■ EXERCISE BRIEF
Return the data below unchanged. Drop any pictures.

■ SOURCE DATA
-------
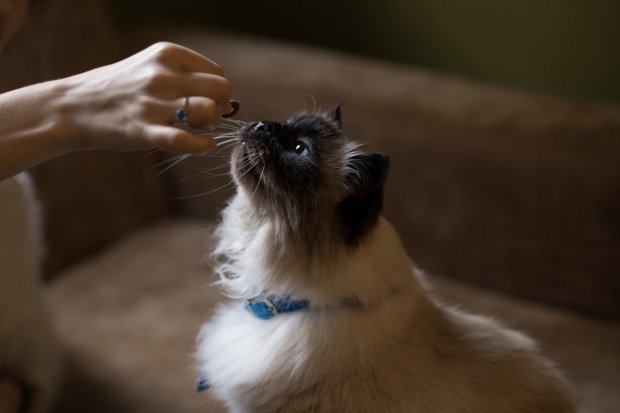 Cara mengatasi kucing tidak mau makan.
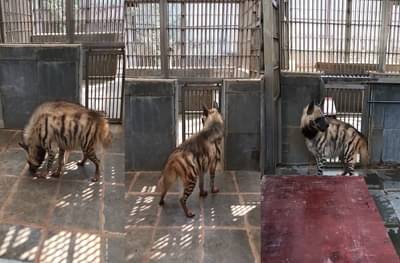 PHOTO : पेंग्विननंतर राणीबागेत या हिंसक प्राण्याचे आगमन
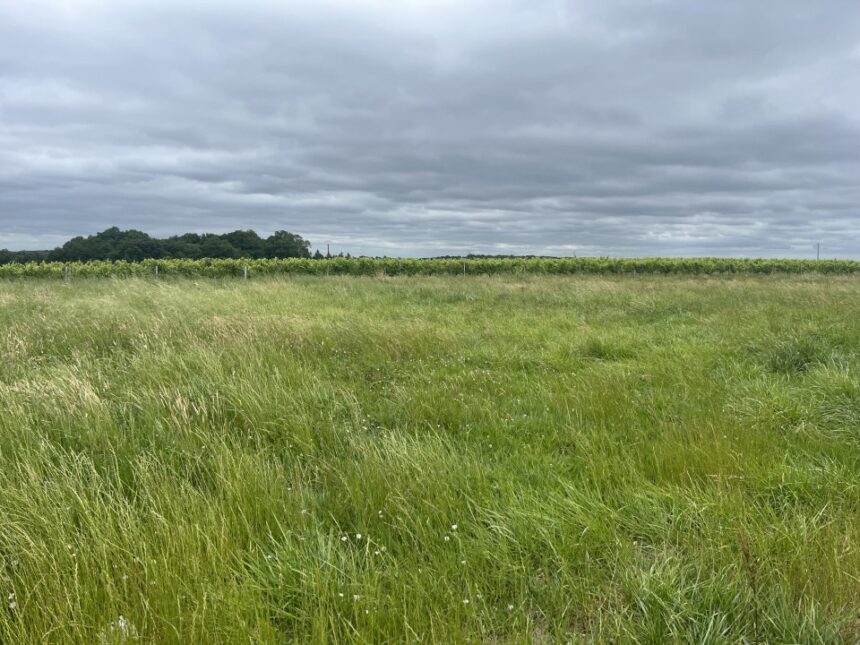 Terrain à bâtir à Jonzac (17500)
-------
■ RESULT OF THIS TASK
 Cara mengatasi kucing tidak mau makan.
 PHOTO : पेंग्विननंतर राणीबागेत या हिंसक प्राण्याचे आगमन
 Terrain à bâtir à Jonzac (17500)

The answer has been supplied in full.